Simulated Author's Rebuttal

2 responses · 0 unresolved

We thank the referee for their constructive feedback on our manuscript. We address each of the major comments below and outline the revisions we will make to strengthen the paper.

read point-by-point responses

  1. Referee: [Abstract and §4] Abstract and §4 (Experiments): The reported accuracy figures (0.84 on Expert-ECG-QA, 0.76 on PTB-XL) are given without any baseline comparisons, ablation studies isolating the causal graph/SCM contributions, statistical tests, or controls for the underlying LLM, which is load-bearing for the central claim that causal structure drives the accuracy and hallucination-reduction improvements.

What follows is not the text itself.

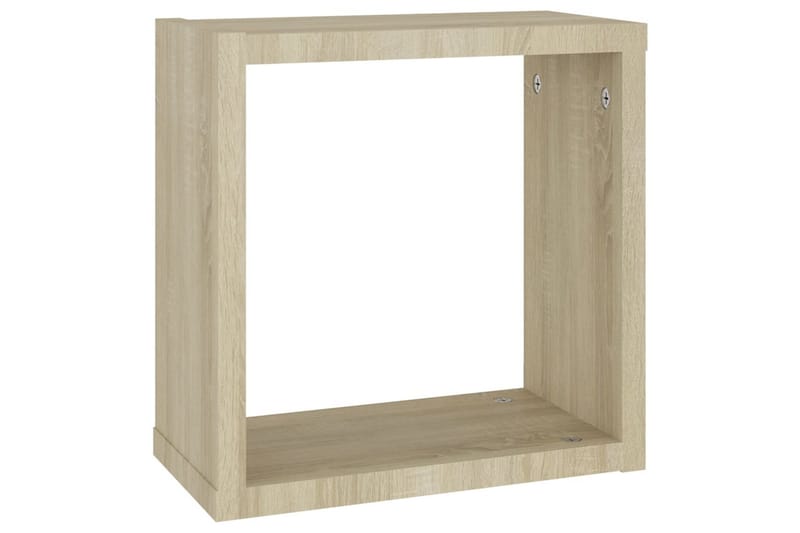 Vegghyller kubeformet 2 stk sonoma eik 30x15x30 cm - Brun - Vegghylle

    Authors: We agree that providing baseline comparisons and ablations is essential to substantiate the contribution of the causal components. The current manuscript highlights the overall performance but does not include these controls. In the revised version, we will add comparisons to standard LLM-based ECG interpretation methods without causal graph inference or SCMs, ablation studies removing the causal graph and counterfactual modules, and appropriate statistical tests (e.g., McNemar's test or paired t-tests) to assess significance. We will also clarify the role of the underlying LLM by including controls where the same LLM is used with and without our causal pipeline. This will directly support the claim regarding the benefits of causal structure. revision: yes

  2. Referee: [§3.2] §3.2 (Causal Graph Inference): The manuscript provides no details on physiological priors, expert validation of edges, identifiability checks, or stability analysis for the data-driven causal graphs; purely observational inference on ECG data risks capturing correlations rather than true cause-effect relations (e.g., QRS to ST changes), directly undermining the validity of the counterfactual assessments and traceable reasoning claims.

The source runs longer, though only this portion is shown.